Embora Viveiros de Castro não indique a fonte, a teoria linguística de Jakobson, com base nas análises do dinamarquês Otto Jespersen, identifica o gênero de fenômenos semelhantes a partir do nome de shifters76. E aqui talvez seja interessante uma breve explicação do fenômeno. Um shifter corresponde a uma específica conformação da relação entre mensagem e código (conteúdo e expressão), as quais podem tanto ser utilizadas, como simplesmente referidas (i.e., instrumentalizadas para outros usos). A depender do caso, portanto, entre (i) mensagem utilizada, (ii) mensagem referida, (iii) código utilizado e (iv) código referido é possível estabelecer relações de circularidade (M/M ou C/C) ou de sobreposição (M/C ou C/M) que redundam em quatro relações fundamentais, quais sejam: (i) Mensagem utilizada/Mensagem referida (discurso indireto), (ii) Código utilizado/Código referido (nome próprio), (iii) Mensagem utilizada/código referido (discurso autônimo, típico de circunlóquios, sinônimos e traduções) e (iv) Código utilizado/Mensagem referida (shifters). Um shifter, portanto, caracteriza-se pelo fato de seu código não poder ser definido sem referência à mensagem, ou melhor, os shifters correspondem a uma categoria verbal a meio caminho entre o índice e o símbolo e, por isso, são denominados de “indexical symbols”77.

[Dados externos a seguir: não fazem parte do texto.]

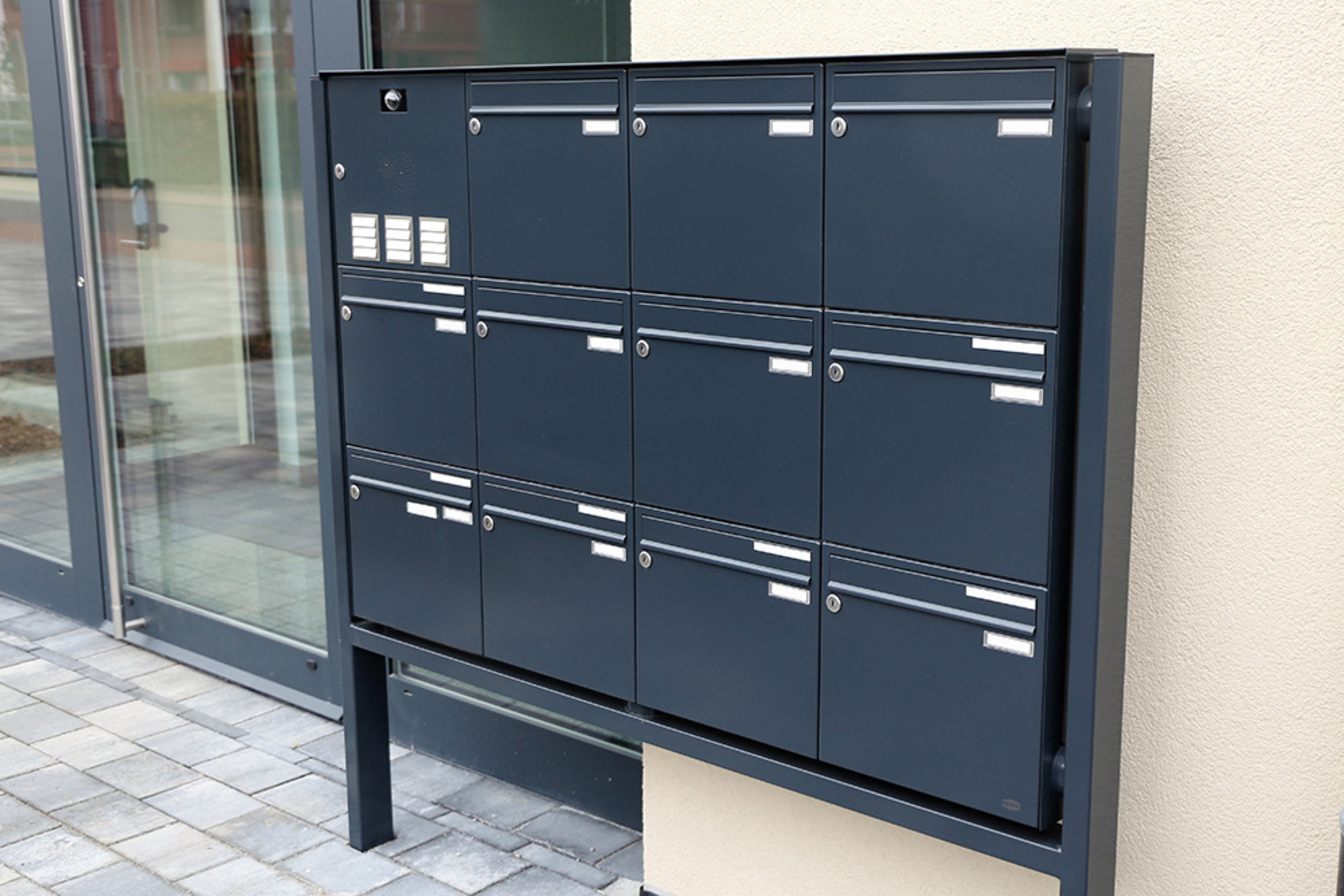 Briefkasten­systeme bei Elektro Randlinger GmbH in Schnaitsee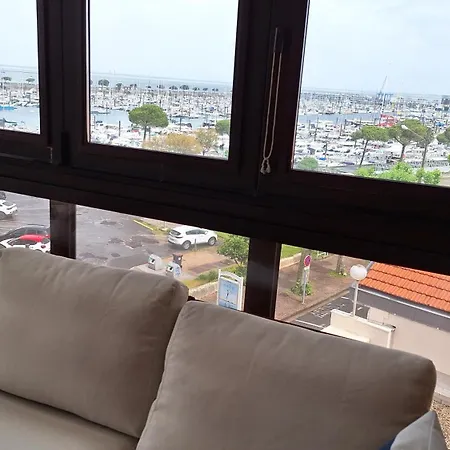 Vaste Avec Vue Sur Le Port De Plaisance Apartmán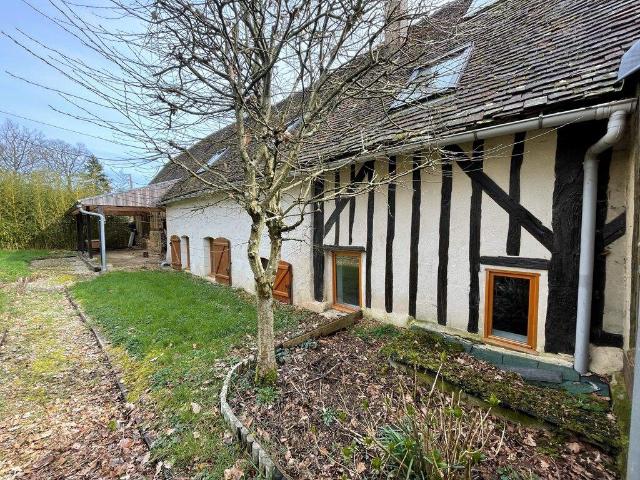Maison vente à Nogent-le-Rotrou, Charbonnières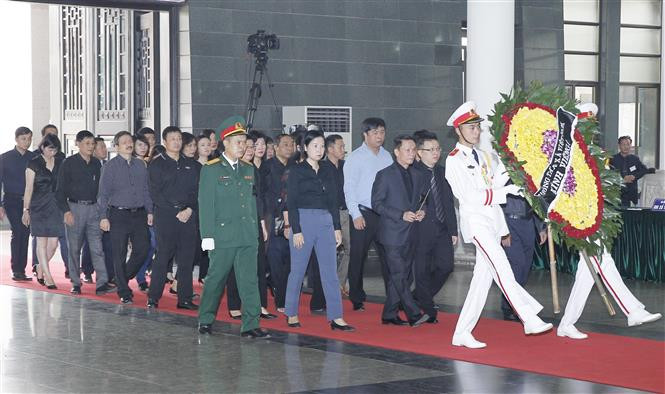 Una delegación de la Agencia Vietnamita de Noticias, encabezada por su director general, Nguyen Duc Loi, rinde tributo a Do Muoi (Fuente: VNA)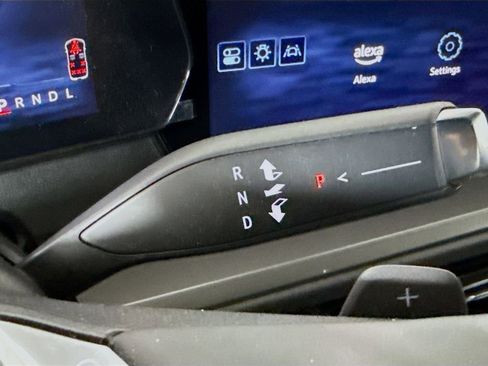 Used 2024 Chevrolet Traverse LT w/ LPO, Floor Liner Package image 17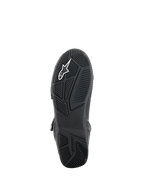 Zapatos Alpinestars Superfaster, Negro/Gris/Rojo Brillante, vista inferior de la suela de goma negra con un patrón de dibujo técnico para el agarre, integración del marco de protección TPF y logotipo de Alpinestars en blanco.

O que importa destacar é que, para Jakobson, o pronome é apenas uma espécie do gênero de categorias verbais denominadas de shifters78. Jakobson entende que a unidade elementar da comunicação seria a do evento narrado79, a partir da qual diversas outras combinações são possíveis. Os shifters, portanto, corresponderiam a uma aquisição linguística tardia80.
Esses pontos são essenciais para se conceber a diferença entre a cosmopolítica ameríndia e a metafísica ocidental. Primeiramente, como Viveiros de Castro parece sugerir, o perspectivismo e o multinaturalismo ameríndio são caracterizados, primordialmente, pelo fato de a estrutura pronominal que os determina não corresponder a uma mera aquisição tardia e inessencial da fala, como apontado por Jakobson, mas à estrutura axial da enunciação. Para o ameríndio, o enunciado (procès de l’énoncé) não possui nunca um valor absoluto, capaz de ser desvinculado do evento de enunciação (procès de l’énonciation)81.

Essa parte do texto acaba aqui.